Oysa İslam ümmetinin yaşadığı hezimet dış kaynaklı değil iç kaynaklıdır. Yaşadığımız hezimet bir taraftan geri kalmışlığımızla, diğer taraftan bozuk dinî kurumlarla ilgilidir. Bu kurumlar bozuk karakterli yöneticilerini mukaddes şahıslar olarak lanse etmektedir! Dolayısıyla hezimetimizin sebebini dışarıda değil önce içeride aramamız gerekir.
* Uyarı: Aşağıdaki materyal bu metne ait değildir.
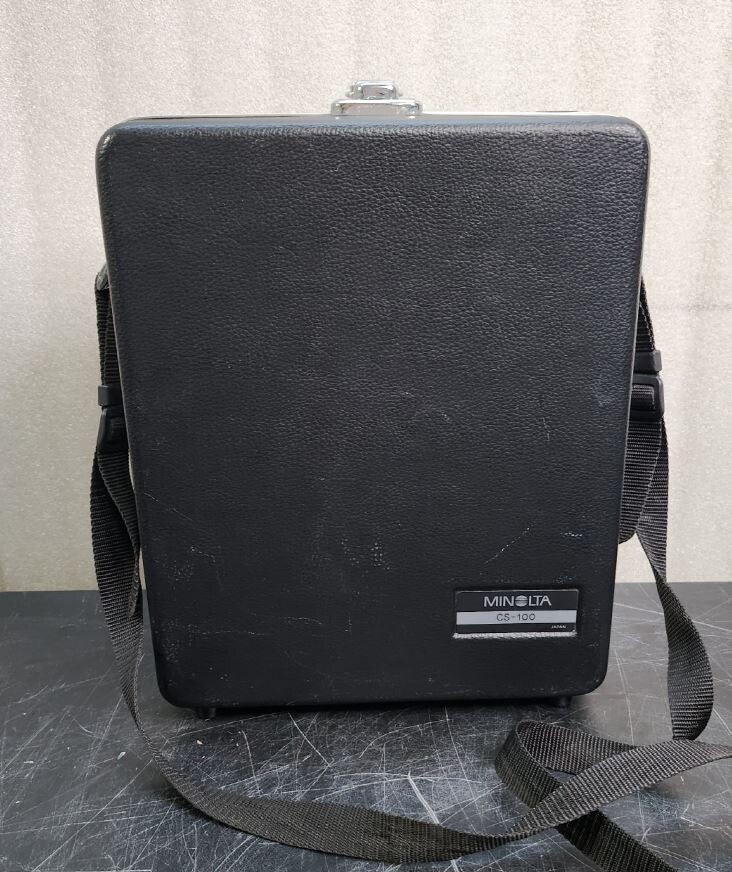 MINOLTA CHROMA METER CS-100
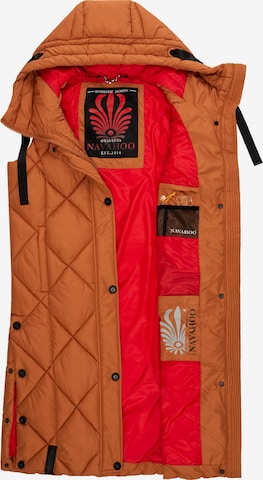 NAVAHOO Vest 'Schnuckel' in Brown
Öte yandan, geçici bir tatmin sağlayan sahte ve sanal zaferler, bölge halkları olarak kendi aramızda ortaya çıkmaktadır. Yani, birbirimiz aleyhine kendi aramızda savaşa tutuşuyor ve birbirimizin boğazlıyoruz! Dolayısıyla elde edilen sahte zaferler ümmetin geleceği adına hiçbir yarar doğurmamaktadır! Bu marazi yaklaşım ümmeti kalkındırmayacağı gibi onun eğitim düzeyini de yükseltmeyecek, bir savaştan öbürüne sürüklenmekten başka hiçbir işe yaramayacaktır!
Bütün dünya halkları Ömer Muhtar ve diğerlerinin mücadelesine saygı duymuştur. Bu yüzden o direnişlerin yanında yer almışlar, Arap coğrafyasından sömürgecileri gönderebilmeleri için onlara destek vermişlerdir. Oysa bugün bütün toplumlar DAİŞ’in ve ona benzer örgütlerin karşısında durmaktadır. Çünkü bu örgütler, halkların hiç aşina olmadığı aykırı tutum ve davranışlar sergilemektedirler.